I’m watching All Quiet on the Western Front and I began to wonder if there was any graphic depictions of the brutality of war in Ancient Rome or Medieval Europe? Maybe some type of literature or visual representation that is anti-war in nature. Thanks in advance
There was a broad awareness of how bad war could be. Chaucer, in his description of the Temple of Mars in "The Knight's Tale," gives a vivid scene of the horrors of war some of which he may have borne witness to whilst serving Edward III in France.

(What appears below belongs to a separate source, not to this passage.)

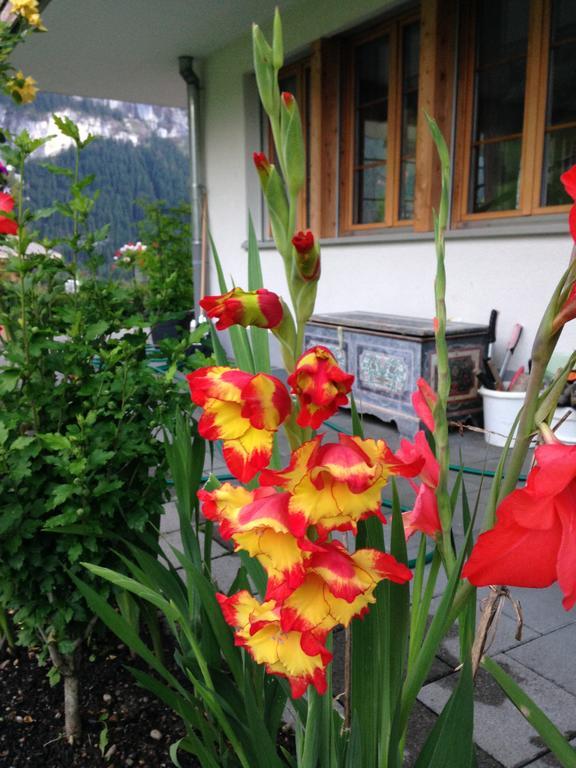 Chalet Pfingsteggblick Grindelwald Extérieur photo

Here's one translation of the passage in question: http://www.librarius.com/canttran/knighttrfs.htm, which I'll quote below.

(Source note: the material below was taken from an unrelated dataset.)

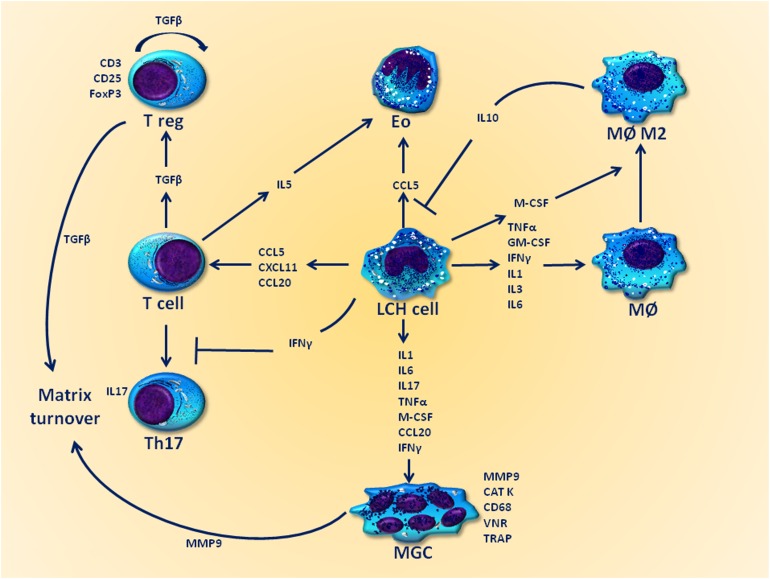 Figure 4.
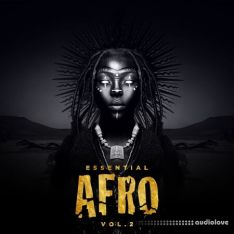 Retrohandz Essential Afro 2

Choice passages to me, with regards to what you're asking about would be lines 1153-1165:
"And saw I Madness laughing in his rage;
Armed risings, and outcries, and fierce outrage;
The carrion in the bush, with throat wide carved;
A thousand slain, nor one by plague, nor starved.
The tyrant, with the spoils of violent theft;
The town destroyed, in ruins, nothing left.
And saw I burnt the ships that dance by phares,
The hunter strangled by the fierce wild bears;
The sow chewing the child right in the cradle;
The cook well scalded, spite of his long ladle.
Nothing was lacking of Mars' evil part:
The carter over-driven by his cart,
Under a wheel he lay low in the dust."
I would note that this was arguably the leading English poet of the fourteenth century, employed by both Edward III and Richard II. Although I would also note that Chaucer wasn't anti-war; he presents the Knight in The Canterbury Tales with admiration; it's just that he knew how bad it could become.